請求項1に記載の発明によれば、エアミックスダンパだけではなく切替ダンパが設けられていることにより、冷風と温風とを合流させる必要がない場合に各々圧力損失の少ない流路をとることができる。したがって、最大冷暖房時に風量を落とすことなく、効率のよい運転を行うことができる。また、冷房時に冷風通路と温風通路とを分離させることができるため、冷風の再熱が防止されて効率を向上させることができる。さらに、切替ダンパが温風通路と冷風通路とを合流させない非合流位置にある場合には、切替ダンパが仕切り壁となって冷風がヒータコアによって再熱されることが防止される。切替ダンパが温風通路と冷風通路とを合流させる位置にある場合には、切替ダンパの冷風通路側端部は前記冷風通路中に位置することにより、流路を狭め、冷風と温風とを混合しやすくし、温調性能を向上させることができる。
請求項2に記載の発明によれば、エアミックスダンパによって温風通路と冷風通路とを閉塞可能であるとともに、フットモードおよびデフロストモード時において冷風通路をわずかに開とすることで、冷風通路にはヒータコアを通過しなかった冷風を供給することができる。したがって、乗員の顔の火照りを抑えることができ、快適な環境を得ることができる。
請求項3に記載の発明によれば、切替ダンパで冷風通路と温風通路とを仕切れば、冷風通路を通る冷風はフェース吹出口に滑らかな動線にて直接到達し、温風通路を通る温風はデフロスト吹出口およびフット吹出口に滑らかな動線にて直接到達する。したがって圧力損失を抑えることができる。
請求項4に記載の発明によれば、フット吹出口からはフェース吹出口から吹き出される空調空気より高い温度の空調空気を吹き出すことができる。
請求項5に記載の発明によれば、仕切板の長さを変えることにより、分配ダンパによってフェース吹出口と温風通路に導かれる空気の温度幅を変えることができる。
請求項6に記載の発明によれば、フェースダンパによって冷風通路の前記温風通路側を流れてきた空気の一部を前記温風通路側に分配することができる。
【図面の簡単な説明】
【図1】 本発明の一実施形態として示した空気調和ユニットの側断面図である。
【図2】 同空気調和ユニットにおいてフェースモードとした場合の各ダンパ位置と空気の流れを示した側断面図である。

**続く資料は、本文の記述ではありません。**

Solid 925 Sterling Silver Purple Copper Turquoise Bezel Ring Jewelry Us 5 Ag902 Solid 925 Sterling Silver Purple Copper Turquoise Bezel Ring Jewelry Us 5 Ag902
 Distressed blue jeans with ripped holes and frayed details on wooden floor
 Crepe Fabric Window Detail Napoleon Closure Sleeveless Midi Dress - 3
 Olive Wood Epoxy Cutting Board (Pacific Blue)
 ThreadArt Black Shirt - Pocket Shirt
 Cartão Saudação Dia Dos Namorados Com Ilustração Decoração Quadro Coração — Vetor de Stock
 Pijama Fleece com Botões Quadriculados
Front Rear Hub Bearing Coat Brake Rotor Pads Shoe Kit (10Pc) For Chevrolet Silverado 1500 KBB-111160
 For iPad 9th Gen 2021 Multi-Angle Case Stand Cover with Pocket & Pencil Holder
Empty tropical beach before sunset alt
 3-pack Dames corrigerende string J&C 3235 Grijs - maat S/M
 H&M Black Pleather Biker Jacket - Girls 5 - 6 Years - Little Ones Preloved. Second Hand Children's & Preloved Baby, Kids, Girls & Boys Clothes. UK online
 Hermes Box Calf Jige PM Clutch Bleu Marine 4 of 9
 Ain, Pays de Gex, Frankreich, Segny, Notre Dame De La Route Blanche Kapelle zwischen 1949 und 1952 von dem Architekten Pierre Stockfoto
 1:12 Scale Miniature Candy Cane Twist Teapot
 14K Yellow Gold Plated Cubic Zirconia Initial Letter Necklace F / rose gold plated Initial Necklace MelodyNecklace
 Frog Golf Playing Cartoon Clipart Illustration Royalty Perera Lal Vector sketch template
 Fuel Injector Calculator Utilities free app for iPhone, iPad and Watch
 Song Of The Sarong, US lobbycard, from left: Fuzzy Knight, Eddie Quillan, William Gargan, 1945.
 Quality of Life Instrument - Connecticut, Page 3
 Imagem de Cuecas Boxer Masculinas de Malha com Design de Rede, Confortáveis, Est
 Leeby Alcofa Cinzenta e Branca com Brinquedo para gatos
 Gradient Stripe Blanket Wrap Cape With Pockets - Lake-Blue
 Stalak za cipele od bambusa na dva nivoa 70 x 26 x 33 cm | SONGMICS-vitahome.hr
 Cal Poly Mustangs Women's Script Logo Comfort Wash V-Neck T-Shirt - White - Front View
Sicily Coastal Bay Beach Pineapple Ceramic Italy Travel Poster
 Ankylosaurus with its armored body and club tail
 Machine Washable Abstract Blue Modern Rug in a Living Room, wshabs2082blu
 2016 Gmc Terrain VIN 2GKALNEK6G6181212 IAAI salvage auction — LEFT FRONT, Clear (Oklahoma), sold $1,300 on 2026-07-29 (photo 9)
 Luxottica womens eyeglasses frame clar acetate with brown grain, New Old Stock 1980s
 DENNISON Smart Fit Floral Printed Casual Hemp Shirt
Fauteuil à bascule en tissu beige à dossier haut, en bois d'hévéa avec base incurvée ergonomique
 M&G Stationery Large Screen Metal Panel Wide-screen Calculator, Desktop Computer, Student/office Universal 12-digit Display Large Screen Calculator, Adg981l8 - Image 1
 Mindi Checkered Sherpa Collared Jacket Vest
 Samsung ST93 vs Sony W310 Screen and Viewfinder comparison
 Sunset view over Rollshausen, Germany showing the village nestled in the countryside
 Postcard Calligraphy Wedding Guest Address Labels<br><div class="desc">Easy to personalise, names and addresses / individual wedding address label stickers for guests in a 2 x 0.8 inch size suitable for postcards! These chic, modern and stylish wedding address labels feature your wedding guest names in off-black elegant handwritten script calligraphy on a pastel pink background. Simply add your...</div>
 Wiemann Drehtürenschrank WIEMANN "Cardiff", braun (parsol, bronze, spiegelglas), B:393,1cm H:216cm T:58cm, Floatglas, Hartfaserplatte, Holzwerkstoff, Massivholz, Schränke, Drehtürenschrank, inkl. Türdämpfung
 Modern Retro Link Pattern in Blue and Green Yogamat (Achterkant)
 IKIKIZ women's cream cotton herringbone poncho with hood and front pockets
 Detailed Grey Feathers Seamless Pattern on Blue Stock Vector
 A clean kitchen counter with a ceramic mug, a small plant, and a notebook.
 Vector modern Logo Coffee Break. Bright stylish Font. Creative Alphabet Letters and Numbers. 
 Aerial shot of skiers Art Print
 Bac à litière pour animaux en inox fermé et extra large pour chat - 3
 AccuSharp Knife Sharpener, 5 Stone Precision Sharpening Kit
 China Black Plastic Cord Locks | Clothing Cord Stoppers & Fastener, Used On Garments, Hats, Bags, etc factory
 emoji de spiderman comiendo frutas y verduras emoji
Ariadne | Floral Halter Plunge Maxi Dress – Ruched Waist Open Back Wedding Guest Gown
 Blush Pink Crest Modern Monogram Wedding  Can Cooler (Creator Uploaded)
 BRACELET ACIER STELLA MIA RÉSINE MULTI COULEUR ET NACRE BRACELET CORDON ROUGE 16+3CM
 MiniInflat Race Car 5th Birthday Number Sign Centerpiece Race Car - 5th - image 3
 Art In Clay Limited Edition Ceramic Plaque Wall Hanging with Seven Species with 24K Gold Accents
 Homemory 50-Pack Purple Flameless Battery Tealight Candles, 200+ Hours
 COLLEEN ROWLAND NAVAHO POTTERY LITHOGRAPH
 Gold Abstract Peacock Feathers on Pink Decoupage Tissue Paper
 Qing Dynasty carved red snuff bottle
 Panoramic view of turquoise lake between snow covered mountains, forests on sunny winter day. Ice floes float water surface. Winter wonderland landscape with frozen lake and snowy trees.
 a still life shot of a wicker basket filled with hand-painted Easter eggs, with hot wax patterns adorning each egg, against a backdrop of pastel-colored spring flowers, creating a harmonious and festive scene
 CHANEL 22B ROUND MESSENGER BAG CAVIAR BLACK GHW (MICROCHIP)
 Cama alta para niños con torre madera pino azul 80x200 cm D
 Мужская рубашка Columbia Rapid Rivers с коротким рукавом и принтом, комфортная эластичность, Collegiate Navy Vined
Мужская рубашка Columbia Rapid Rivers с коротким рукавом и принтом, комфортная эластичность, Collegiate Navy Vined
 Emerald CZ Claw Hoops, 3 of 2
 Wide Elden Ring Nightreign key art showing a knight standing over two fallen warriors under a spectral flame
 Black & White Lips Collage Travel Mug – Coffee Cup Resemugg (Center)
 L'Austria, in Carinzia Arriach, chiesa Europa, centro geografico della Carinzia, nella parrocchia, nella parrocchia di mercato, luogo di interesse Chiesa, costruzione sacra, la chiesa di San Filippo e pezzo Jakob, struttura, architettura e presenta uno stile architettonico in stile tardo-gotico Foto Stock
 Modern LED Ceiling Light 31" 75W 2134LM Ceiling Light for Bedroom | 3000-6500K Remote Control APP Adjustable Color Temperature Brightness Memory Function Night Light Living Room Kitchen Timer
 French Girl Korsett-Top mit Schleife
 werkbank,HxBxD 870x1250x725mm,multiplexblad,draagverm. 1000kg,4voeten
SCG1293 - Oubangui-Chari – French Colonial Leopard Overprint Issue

【図3】 同空気調和ユニットにおいて最大冷房のフェースモードとした場合の各ダンパ位置と空気の流れを示した側断面図である。
【図4】 同空気調和ユニットにおいてデフロストモードとした場合の各ダンパ位置と空気の流れを示した側断面図である。
【図5】 同空気調和ユニットにおいて、デフロストモードとした場合の各ダンパ位置と空気の流れを示した側断面図であり、フェース吹出口から若干の冷風を吹き出す場合である。
【図6】 本発明の第2実施形態として示した空気調和ユニットの側断面図である。
【図7】 仕切板の長さと温度幅との関係を示した図である。
【図8】 従来の空気調和ユニットの側断面図である。
【符号の説明】
22 エバポレータ
23 ヒータコア
25 エアミックスダンパ
30 切替ダンパ
35 デフロスト吹出口
36 フット吹出口
37 フェース吹出口
40 仕切板
41 合流路
C 冷風通路
H 温風通路
Claims (6)
- エバポレータと、ヒータコアとを備え、該エバポレータとヒータコアとの間に位置してエバポレータを通過した空気をヒータコアに通す温風通路と通さない冷風通路とに分配するエアミックスダンパと、前記ヒータコアの下流に位置し、前記温風通路と冷風通路の合流・非合流を切り替える切替ダンパとを備え、
前記切替ダンパは、回転軸を中心として両端部が回動する構成とされ、前記温風通路と冷風通路とを合流させない非合流位置にある場合には、該切替ダンパの冷風通路側端部と前記ヒータコアの冷風通路側端部とが接し、該切替ダンパによって前記ヒータコア下流側において前記温風通路と冷風通路とが仕切られ、
前記温風通路と冷風通路とを合流させる位置にある場合には、該切替ダンパの冷風通路側端部は前記冷風通路中に位置するとともに該切替ダンパの他側端部と前記ヒータコアの他側端部とが接することを特徴とする空気調和ユニット。 - 請求項1に記載の空気調和ユニットにおいて、前記エアミックスダンパは、前記ヒータコアの一側面を閉塞することによりエバポレータを通過した空気の全量を前記冷風通路に送り、前記冷風通路を閉塞することにより全量を前記温風通路に送り、さらに、わずかに前記冷風通路を開とすることにより、前記エバポレータを通過した空気の大部分を前記温風通路に送るとともに前記冷風通路に冷風を少量送ることが可能に構成されていることを特徴とする空気調和ユニット。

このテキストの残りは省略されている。